The question is specifically about how much space UTF-8 occupies on the stack and therefore in memory (RAM), as in: is it the same as UTF-32? So this is not about how much disk space UTF-8 takes when serialized to a file. Sorry if that attempt at disambiguation insulted your intellect.
How many bytes does the push instruction push onto the stack when I don't specify the operand size?
So, what do they mean when they say UTF-32 takes more memory than UTF-8 ?
Edit
UTF-32 uses more memory, but today's computers are equipped with a lot of memory. The pressure to save memory is gone and the simple and fast handling of UTF-32 strings outweighs the increased memory usage. Using UTF-32 leads to faster programs than any approach that tries to save memory by examining strings.
In the weird case where you push multiple separate UTF-8 coding units (bytes), yes that would use 8 bytes of stack space per byte of UTF-8 data.
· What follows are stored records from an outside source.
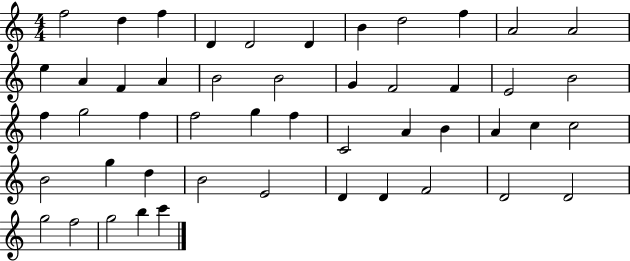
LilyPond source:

{
  \clef treble
  \numericTimeSignature
  \time 4/4
  \key c \major
  f''2 d''4 f''4 | d'4 d'2 d'4 | b'4 d''2 f''4 | a'2 a'2 | \break e''4 a'4 f'4 a'4 | b'2 b'2 | g'4 f'2 f'4 | e'2 b'2 | \break f''4 g''2 f''4 | f''2 g''4 f''4 | c'2 a'4 b'4 | a'4 c''4 c''2 | \break b'2 g''4 d''4 | b'2 e'2 | d'4 d'4 f'2 | d'2 d'2 | \break g''2 f''2 | g''2 b''4 c'''4 | \bar "|."
}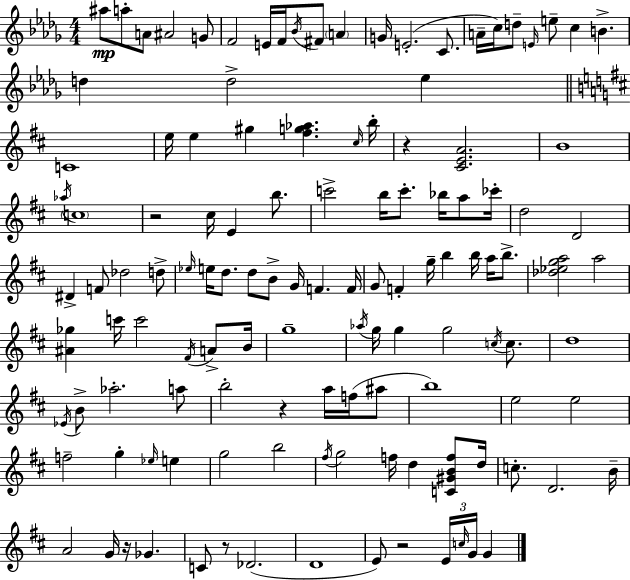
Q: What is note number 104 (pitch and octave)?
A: G4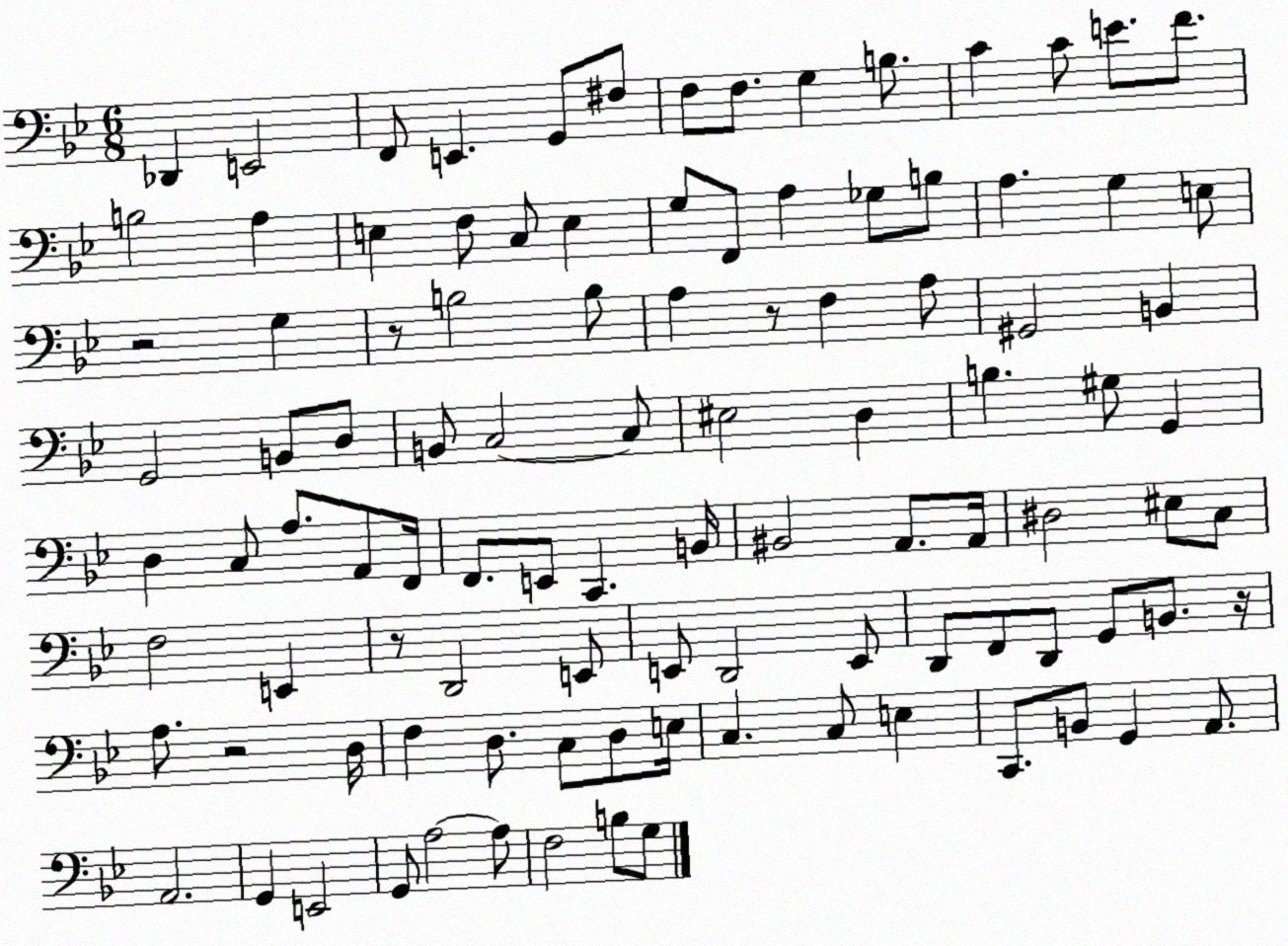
X:1
T:Untitled
M:6/8
L:1/4
K:Bb
_D,, E,,2 F,,/2 E,, G,,/2 ^F,/2 F,/2 F,/2 G, B,/2 C C/2 E/2 F/2 B,2 A, E, F,/2 C,/2 E, G,/2 F,,/2 A, _G,/2 B,/2 A, G, E,/2 z2 G, z/2 B,2 B,/2 A, z/2 F, A,/2 ^G,,2 B,, G,,2 B,,/2 D,/2 B,,/2 C,2 C,/2 ^E,2 D, B, ^G,/2 G,, D, C,/2 A,/2 A,,/2 F,,/4 F,,/2 E,,/2 C,, B,,/4 ^B,,2 A,,/2 A,,/4 ^D,2 ^E,/2 C,/2 F,2 E,, z/2 D,,2 E,,/2 E,,/2 D,,2 E,,/2 D,,/2 F,,/2 D,,/2 G,,/2 B,,/2 z/4 A,/2 z2 D,/4 F, D,/2 C,/2 D,/2 E,/4 C, C,/2 E, C,,/2 B,,/2 G,, A,,/2 A,,2 G,, E,,2 G,,/2 A,2 A,/2 F,2 B,/2 G,/2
But only in that case.
That's horribly inefficient, which is why people don't write code that way (except for some simplistic beginner examples of using the stack to reverse a short string, as a learning exercise for understanding the LIFO ordering of push/pop).
If you want to store string data in stack space, you'd reserve some space (like a local char array) and use it, not unpacking bytes or dwords to qwords. Like sub rsp, 64+8 / movdqu xmm0, [rsi] / movdqa [rsp], xmm0 to copy 16 bytes (of UTF-32 or UTF-8 data, doesn't matter which).
If you really want to use push, you could push qword [rdi+rcx] to copy 8 bytes at a time while pushing, counting backwards from the end of the source string so the string ends up on the stack in the same order as the source.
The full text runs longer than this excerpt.